The traditions established at Sankore were spread by the Dar Prison Committee as far as California where Imam Muhammad Abdullah conducted da`wa among the state prisoners beginning in 1975. His efforts are directed primarily at the disaffected youth and "gangbangers" from the streets of Watts, South Central Los Angeles and Compton who languish in a culture of poverty, violence and narcotics. "Incarcerated youth," he explained "are now more open and are looking for something." Such comments were echoed by a former gangbanger who wrote, "There are many young Afrikans [sic] within the prison who, before coming to prison were deeply involved with street gangs and much crime, yet are attracted to and transformed by the teachings of Islam" (Al-Hizbullahi 1991). Between the east and west coasts, thousands of other prisoners have responded to Islamic da`wa thus producing a national trend of historical although unacknowledged importance.

Islamic Education

The model for Sunni Islamic education in New York prisons was developed from 1974 onward by Muslim inmates with the participation of the Prison Committee, who distributed 500 copies of Mubari Islam, gifts from the Saudi-backed Rabita (Muslim World League). Classes were divided into four levels beginning with da`wa where akida (the basic Islamic belief system) is adumbrated to interested prisoners. If an individual wants to become Muslim he takes his shahada and pledges bay`a before witnesses at the mosque. He can choose a Muslim name according to several traditions. Usually a man selects his name from among the 99 attributes of Allah or from the names of prophets and companions in the Qur'an and Hadith respectively. The new Muslim, known as a shahada becomes a mubari upon learning proper salât and tahar. At the next level of instruction, called mujahid, an inmate instructor conducts classes in fiqh, the Five Pillars, Arabic lessons, the Hadith and Islamic history. At the highest level, the student is known as a sadiq. His education focuses on leadership training and preparation for a role as imam in another prison or even outside if he gets paroled. These vanguard students follow seminars in tafsir, advanced Arabic grammar and composition based on readings in the Qur'an. Advanced Islamic history, economics and masjid administration, officiating at ceremonies and general discussions, letter writing and mobilization around global Islamic issues.

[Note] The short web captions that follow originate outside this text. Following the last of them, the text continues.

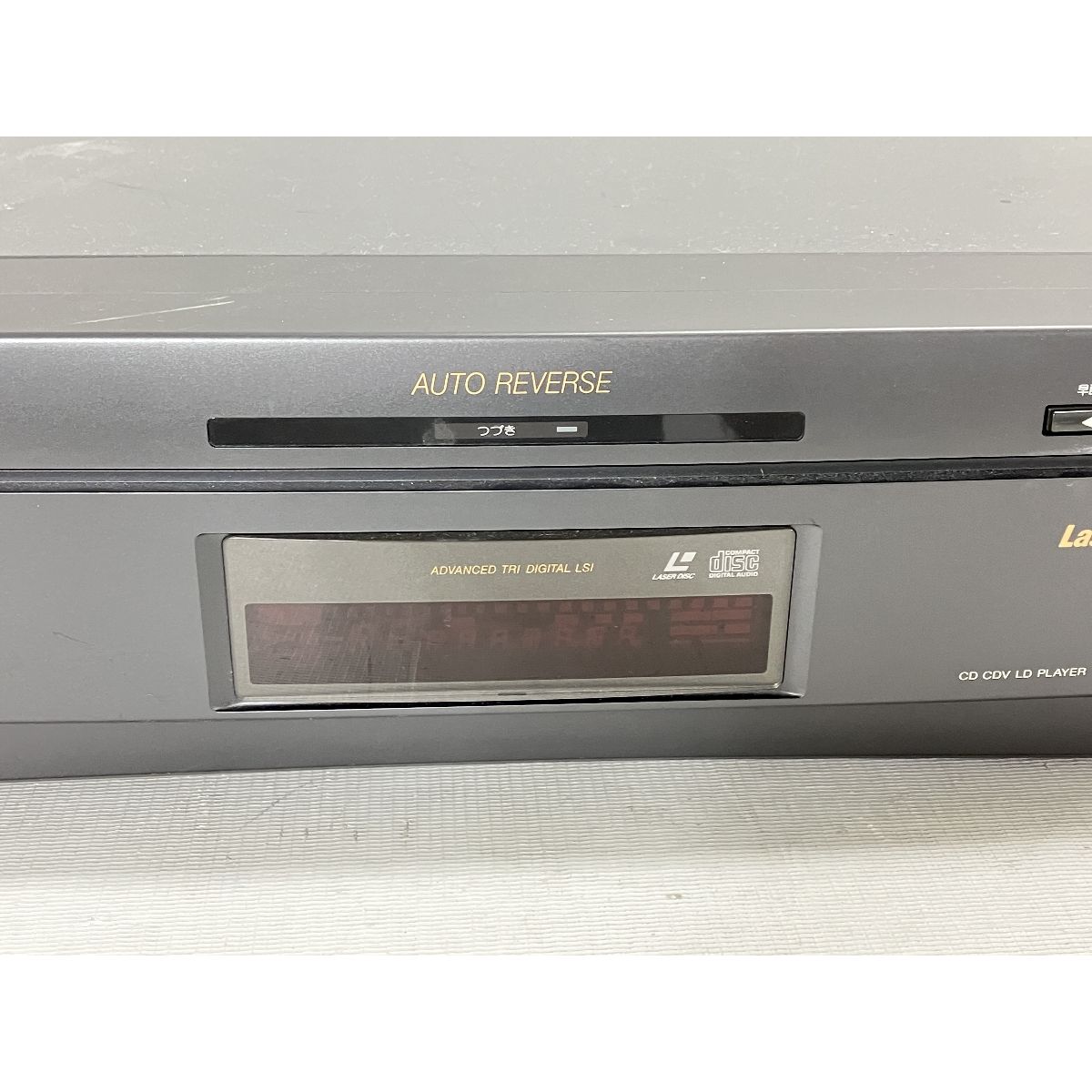 SONY MDP-A10 CD CDV LD プレーヤー レーザーディスク 音響機器 ソニー ジャンク W9121443 - メルカリ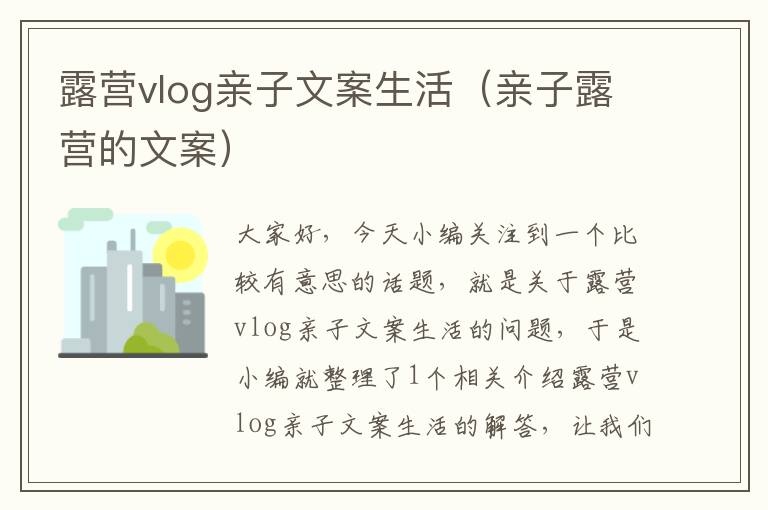 露营vlog亲子文案生活（亲子露营的文案）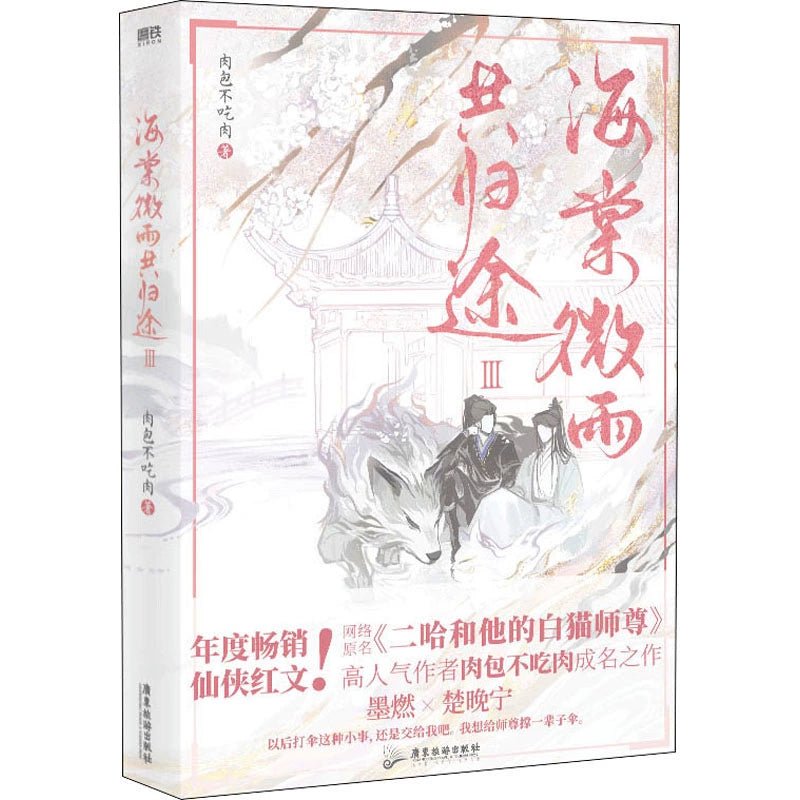 The Husky and His White Cat Shizun | Vol.1 & Vol.2 & Vol.3 & Vol.4 & Vol.5 (Novel) Guangdong Tourism Publishing House - FUNIMECITY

In 1982 the head of Sankore's educational program, Imam Shu'aib Abdur Raheem was transferred to Attica where he teamed up with Sheik Nuh Washington to administer a larger jama`a at Masjid An-Noor. He described their curriculum as

the best Islamic education class in the country, giving broad exposure to Islamic issues and topics. The community was so large we initially had three classes at each level occupying eleven classrooms in all. People moved around and it gave the impression of being in school or college. Students evaluated the teachers who gave out grades. Teachers worked hard on their modules; some of them were students in the upper levels (Raheem 1990).

The foundation of the curriculum is the Qur'an, which represents a this-worldly culture of models from the Prophet and his original community. The Qu'ran and Sunna are understood to provide a basis for decision making and crisis management within the community and in relation to non-Muslims also. Qur'an furnishes the prisoner an alternative vision of truth and justice. It provides him a defensive weapon against daily pressures of incarceration. The shahada's Islamic identity means a fresh start, symbolized by the choice of a new name, modifications in his physical appearance, and an emphasis on prayer, salât, demonstrating submission to Allah. This collective participation in salât and Qur'anic recitation is conceptualized as a link between the worshipper in prison and his Muslim brothers worldwide, as suggested by frequent representations of Mecca in the mosque's decor. [Figure 7]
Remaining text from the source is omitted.